Perhaps most of all, I found myself questioning some of the very assumptions of Epley’s exercise. For instance, like John Newton, people, churches and cultures can be on a spectrum of change regarding what they feel to be God’s standpoint on moral issues, especially those in which there is diversity of opinion. A culture may well influence what a person believes about God, but that’s not to say that a person, church or even entire people might fall out of agreement with a culture’s assumptions, as happened, for instance, in England with the slave trade, and then slavery itself , in the first part of the 19th century. It all depends where on the spectrum a person happens to be when you question them.

It seems to me that the US also provides a good example of change along a spectrum. In the churches, particularly in the evangelical community, there has for some time been an assumption that God’s will on moral issues prioritises personal morality, and issues such as abortion, family, homosexuality etc. It seems to me that this focus on ‘private morality’ is changing to a greater concern for social morality, for the well-being of the poor, and can especially be seen in the current debate in the US about health insurance.

What would Jesus say?’ does have some validity for people searching for God’s viewpoint on moral issues, if it leads them to study carefully, and in a contextualised way, what Jesus taught, and how that recontextualises for today. But it would need to be complemented by other factors, such as, the illumination of the Holy Spirit, and the generally held views of the people of faith.

The tool of the hermeneutical spiral for interpreting the bible seems to me to apply to the interpretation and application of moral issues also. The idea is that nobody comes to any biblical text or moral issue with a blank understanding. We all come with baggage of beliefs of many kinds, which may be a mixture of God’s viewpoint and culturally formed opinion. When a viewpoint is allowed to be subject to further evidence, illumination or in-put, it may change, and the understanding of the text or moral issue may also change. In this way, understanding spirals towards a better or improved understanding of the text, or of what God might be saying.

Does this mean that we never really understand what God is saying on moral issues? Not at all. We can come to a better position on moral issues, and with improved assurance or certainty. Sometimes the moral issue really speaks for itself, for instance when it became known how slaves were really treated in transportation or on the plantations.
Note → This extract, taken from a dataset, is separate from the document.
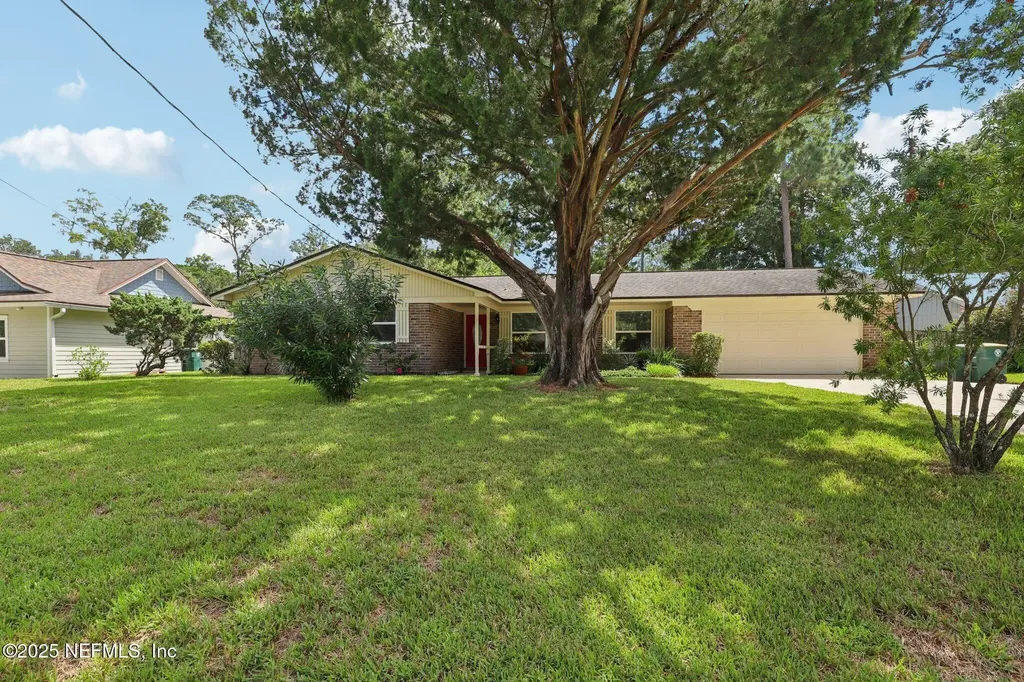 12221 Governors Drive W Jacksonville FL 32223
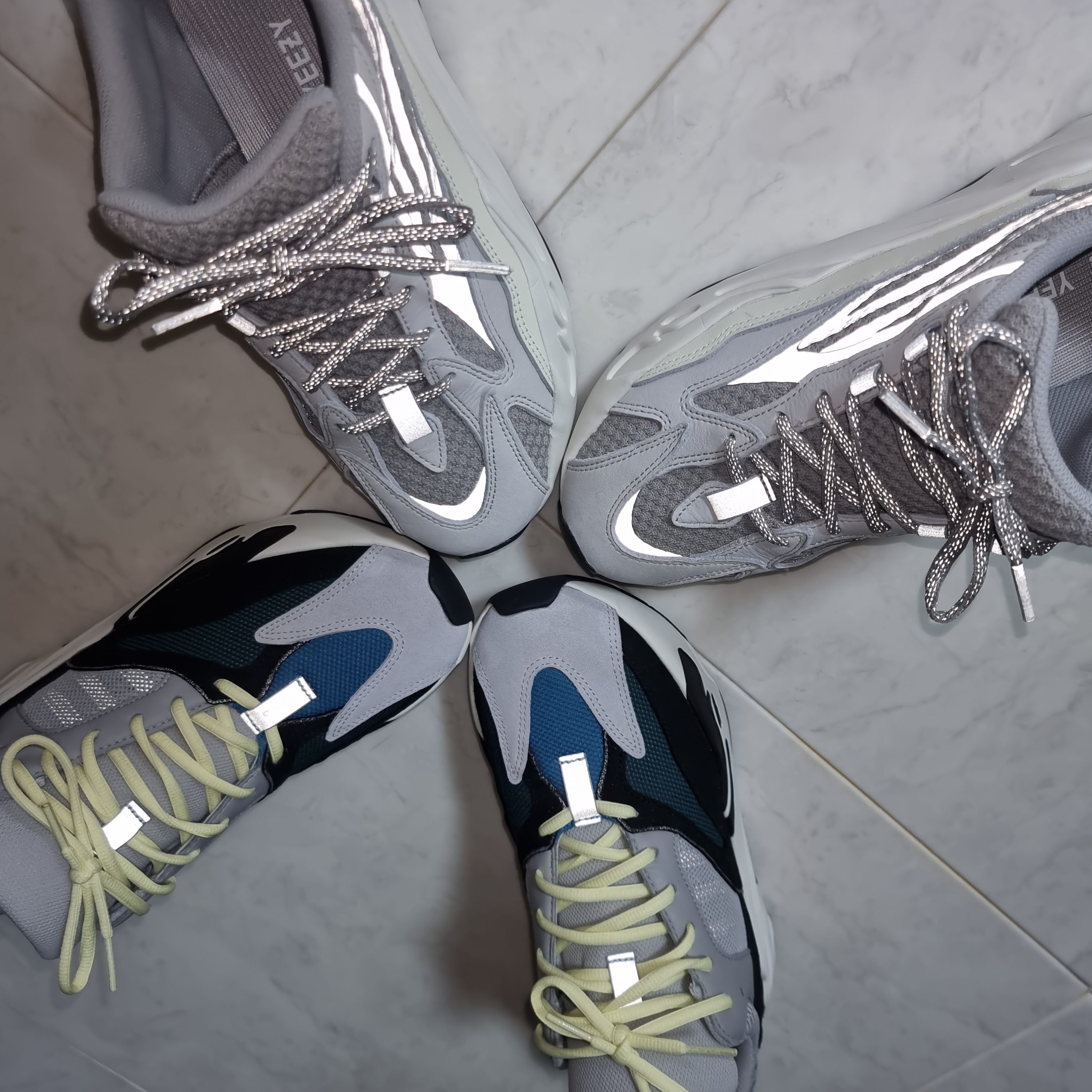 Adidas Yeezy Boost 700 Wave Runner Solid Grey 2021/2022, Adidas Yeezy Boost 700 V2 Static 2022 착용 스타일 - 4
Sometimes moral standpoints may need to be more nuanced in the light of further information or evidence - which could well be the case with abortion, homosexuality, birth control etc.

I’m just not sure Epley and Myers have really thought through all the issues, and I found some of the relish with which researchers greeted their findings rather ugly.

 

Re: One important reason that objective monotheism is a bad ...

Myers, in particular, strikes me as a fundamentalist of the scientific method.  That’s why I read his blog.  It is such a sharp contrast to the religious fundamentalism that I often see.

Thanks for your thoughtful comments.